After six years of restoration and controversy, the National Theatre is due to re-open to the public in November

Nevine El-Aref, Sunday 2 Nov 2014
National Theatre
National Theatre in Cairo (Photo: Ahram archives)

The scene in the Al-Azbakiya area in Al-Ataba Square in downtown Cairo is not as it has been during the last six years. The street vendors that had spread throughout the area and encroached on the buildings in the aftermath of the 25 January Revolution have been removed, and the honey-coloured edifice of the National Theatre is no longer hidden beneath iron scaffolding. Today, the building has been proudly revealed in all its neo-Mameluke splendour after six years of restoration.

In September 2008, the theatre was gutted by fire, leaving the building devastated. The main hall was sodden with the water of fire extinguishers, the curtain of the main stage had been totally destroyed, and the red velvet of the seats had been charred, as had the building as a whole. The wooden backdrops had gone up in flames, and the dome of the main auditorium, or George Abyad Theatre, named after the celebrated Lebanese actor, had a large hole in it, made by firefighters as they struggled to contain the blaze.

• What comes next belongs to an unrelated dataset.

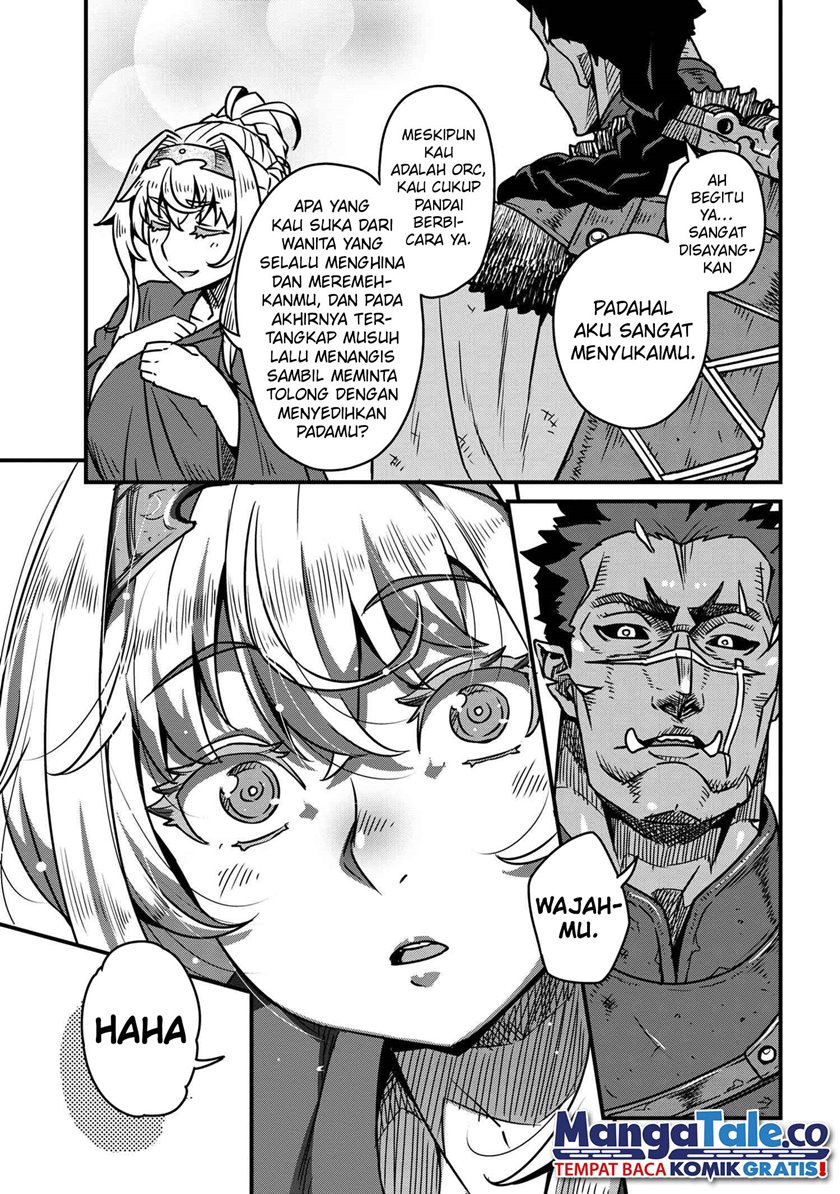 Chapter 6.1 - halaman 13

No injuries had been sustained as no one was on the premises, and investigations at the time revealed that an electrical short circuit had triggered an explosion in the air-conditioning system. Restoration work started two weeks after the disaster in an attempt to return the theatre to its authentic look of 1885.

The National Theatre was the first theatre to be built within the Al-Azbakiya Gardens in Cairo. Its history dates back to the 15th century when the gardens served as the pleasure grounds of Mameluke Cairo, a leisure zone that contained lavish palaces around a central lake. When the French expedition led by Napoleon Bonaparte invaded Egypt in 1798 the gardens became the site of a theatre, built to entertain the French army troops.

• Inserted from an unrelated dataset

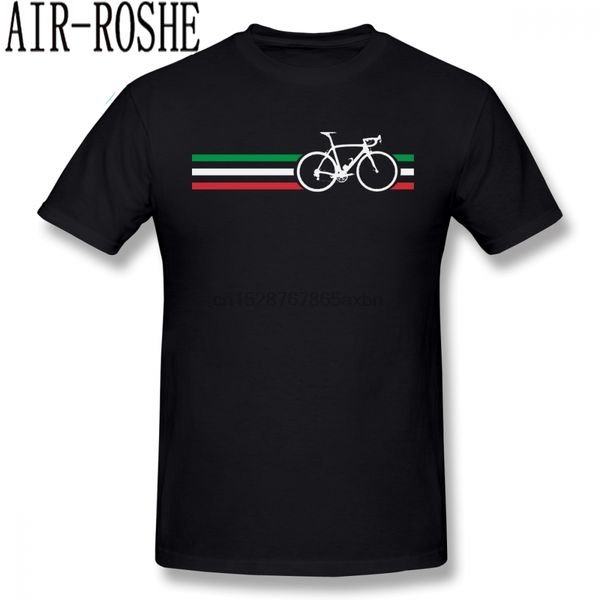 dogma t shirt bike stripes italian national road race v2 t-shirt xxx short-sleeve tee shirt fun printed male casual tshirt
dogma t shirt bike stripes italian national road race v2 t-shirt xxx short-sleeve tee shirt fun printed male casual tshirt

When Mohamed Ali Pasha became Egypt’s khedive, or viceroy, subsequent to the defeat of the French expedition he filled in the lake. During the later reign of the Khedive Ismail a theatre once again appeared on the site, at first a small venue on the southern side of the gardens that was used to stage performances by the famous Comedie Française during the celebrations that marked the inauguration of the Suez Canal.

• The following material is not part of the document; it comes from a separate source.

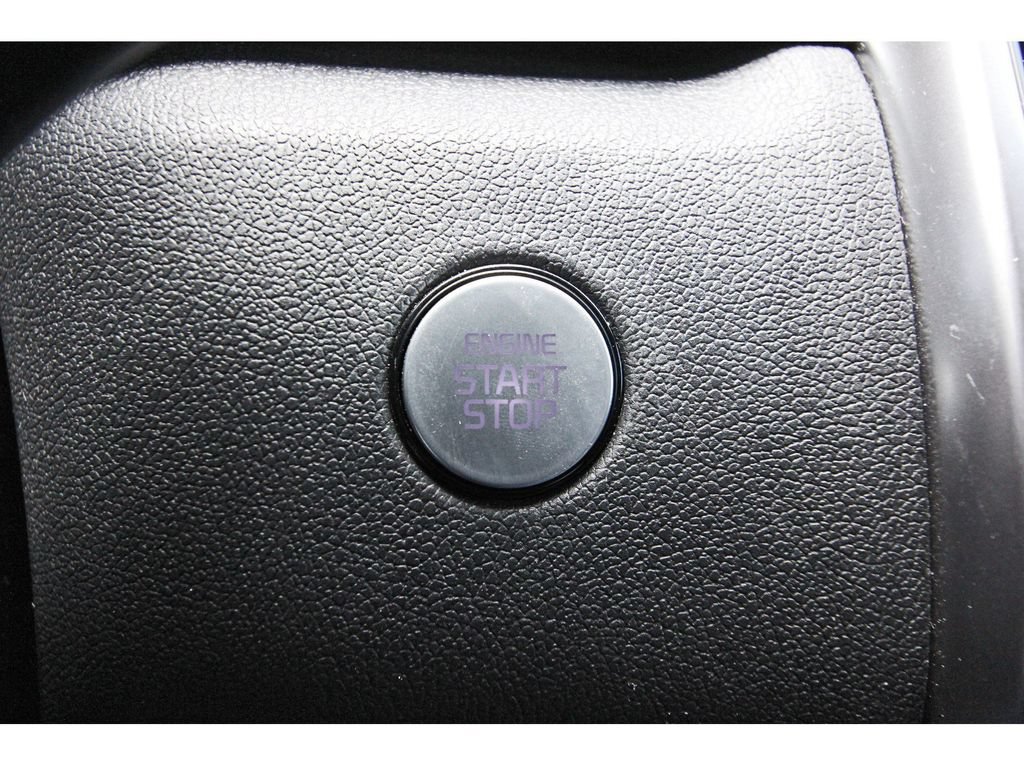 Used 2023 Kia Sorento S w/ Panoramic Sunroof Package FWD image 30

In 1885 the theatre, known as the Al-Azbakiya Theatre, hosted its first performances by an Egyptian theatre group. It went on to become the home of the Abu Khalil Al-Qabani, Iskandar Farah and Al-Sheikh Salama Hegazi theatre troupes, named after their famous impresario directors. By 1935 the National Egyptian Group had been formed under the leadership of poet Khalil Motran, but this was disbanded in 1942, a result of its anti-British performances.

Following the 1952 Revolution the Al-Azbakiya Theatre became the National Theatre. It boasted two resident companies, the Egyptian National Group and the Modern Egyptian Theatre Group. Actors such as Samiha Ayoub, Ezzat Al-Alayli, Nour Al-Sherif, Hamdi Ahmed, the late Sanaa Gamil, Mohamed Al-Dafrawi, Karam Motawei, Tawfik Al-Deein and Hamdi and Abdullah Gheith bestrode its stage, and it premiered works by playwrights Saadeddin Wahba, Alfred Farag, Lotfi Al-Kholi, Noaman Ashour and Youssef Idris. 

In early 2000, the theatre was officially put on Egypt’s Heritage List for it unique architectural style and its more than 100-year-old building.

The theatre consists of two auditoriums, the main one bearing the name of the Lebanese actor George Abyad and the small one named after the famous Egyptian actor and director Abdel-Rehim Al-Zorkani. The complex also has a hall for rehearsals, a smaller building for actors’ dressing rooms, an administrative building, a youth theatre and spaces for the Puppet and Taliaa Theatres.

“Returning the theatre to its authentic look after such a destructive fire was really a challenge,” Ahmed Fouda, the engineer in charge of the restoration project commented, adding that the work had been carried out according to the latest technology and had been assisted by old documents of the theatre provided by the Ministry of Antiquities and photographs of plays taken in its heyday during the early 20th century.

“The restoration work has sought to return the theatre to what it was, such that it can remain a cultural beacon for all arts,” Fouda said, adding that the building contained a unique collection of antique sets, artefacts and paintings. “Among the valuable items is the huge crystal chandelier located at the theatre’s entrance, which weighs 720 kg, is five metres high and contains 80,000 pieces of crystal.”

Khaled Al-Zoheiri, busy with other workers putting the finishing touches to the chandelier, told the Weekly that it was not one of the theatre’s original furnishings but had been created in line with the historic atmosphere of the theatre. It was replacing an earlier chandelier, completely destroyed in the fire, and it added to the technical qualities of the building by being designed to absorb sound and thus help prevent extraneous sound interrupting theatre performances.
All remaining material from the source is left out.